*** STORED DATA ***

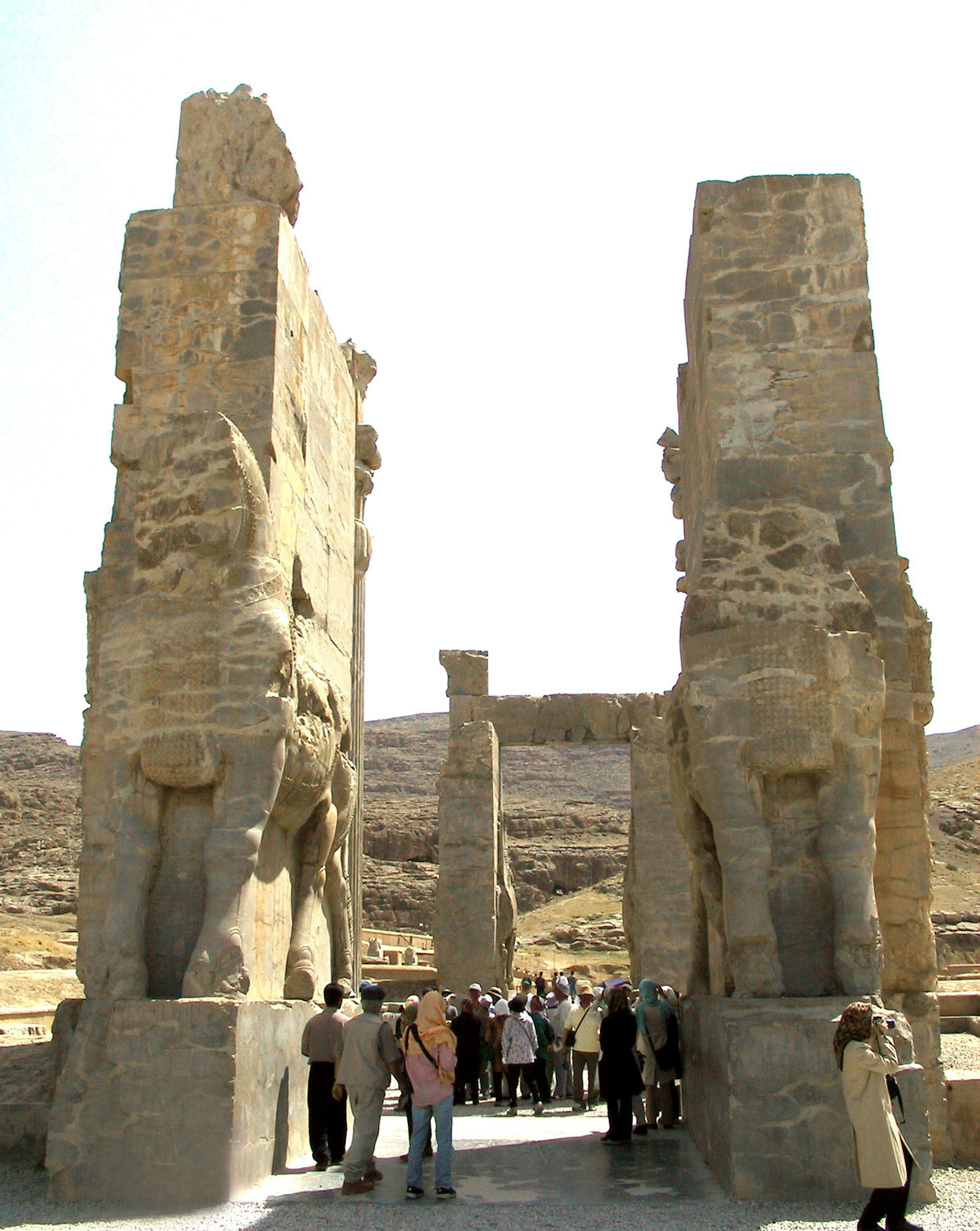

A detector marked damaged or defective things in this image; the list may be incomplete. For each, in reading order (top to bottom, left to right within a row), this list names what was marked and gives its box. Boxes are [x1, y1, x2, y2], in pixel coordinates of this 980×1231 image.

tall broken pillar [47, 89, 382, 1211]
tall broken pillar [433, 655, 517, 990]
tall broken pillar [660, 174, 945, 1191]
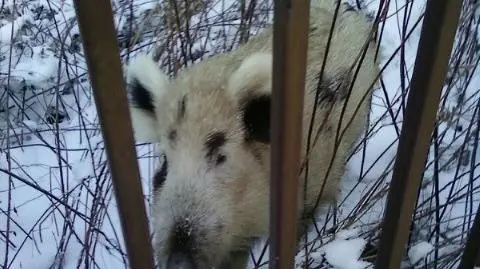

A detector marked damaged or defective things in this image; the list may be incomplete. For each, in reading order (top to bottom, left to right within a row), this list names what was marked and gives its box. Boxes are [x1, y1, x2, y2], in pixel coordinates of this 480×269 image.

rusty metal bar [73, 1, 156, 266]
rusty metal bar [268, 0, 310, 266]
rusty metal bar [376, 0, 462, 268]
rusty metal bar [460, 203, 480, 268]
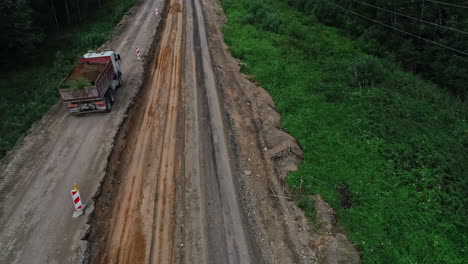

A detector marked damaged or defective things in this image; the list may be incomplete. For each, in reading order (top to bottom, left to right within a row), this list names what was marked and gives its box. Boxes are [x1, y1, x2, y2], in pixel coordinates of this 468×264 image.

rusty dump bed [66, 62, 107, 83]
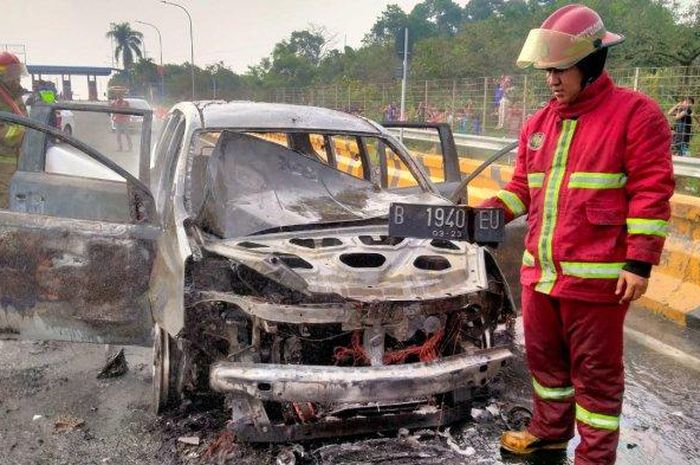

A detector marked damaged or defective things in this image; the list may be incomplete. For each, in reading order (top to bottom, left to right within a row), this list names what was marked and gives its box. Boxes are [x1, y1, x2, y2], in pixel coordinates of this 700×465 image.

burnt car door [0, 105, 159, 344]
burnt tire [152, 322, 185, 414]
burned car wreck [0, 101, 516, 442]
charred car body [0, 101, 520, 442]
burnt car hood area [172, 130, 516, 438]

***

### EXERCISE OBJECTIVE
In the data, the line that contains "this 468×264 image." begins the part to write out; restate it and each line after it word for word through the end, with no pictures.

### WRITTEN ANSWER
A detector marked damaged or defective things in this image; the list may be incomplete. For each, in reading order (top to bottom, left to right within a row), this list names what was marked and gives its box. Boxes are [x1, y1, x2, y2], in pixel coordinates of this 468×264 image.

rusty dump bed [66, 62, 107, 83]

A detector marked damaged or defective things in this image; the list may be incomplete. For each, in reading order (top to bottom, left to right within a row), this list names what was marked and gives its box. Boxes are [x1, y1, x2, y2], in pixel coordinates of this 700×465 image.

burnt car door [0, 105, 159, 344]
burnt tire [152, 322, 185, 414]
burned car wreck [0, 101, 516, 442]
charred car body [0, 101, 520, 442]
burnt car hood area [172, 130, 516, 438]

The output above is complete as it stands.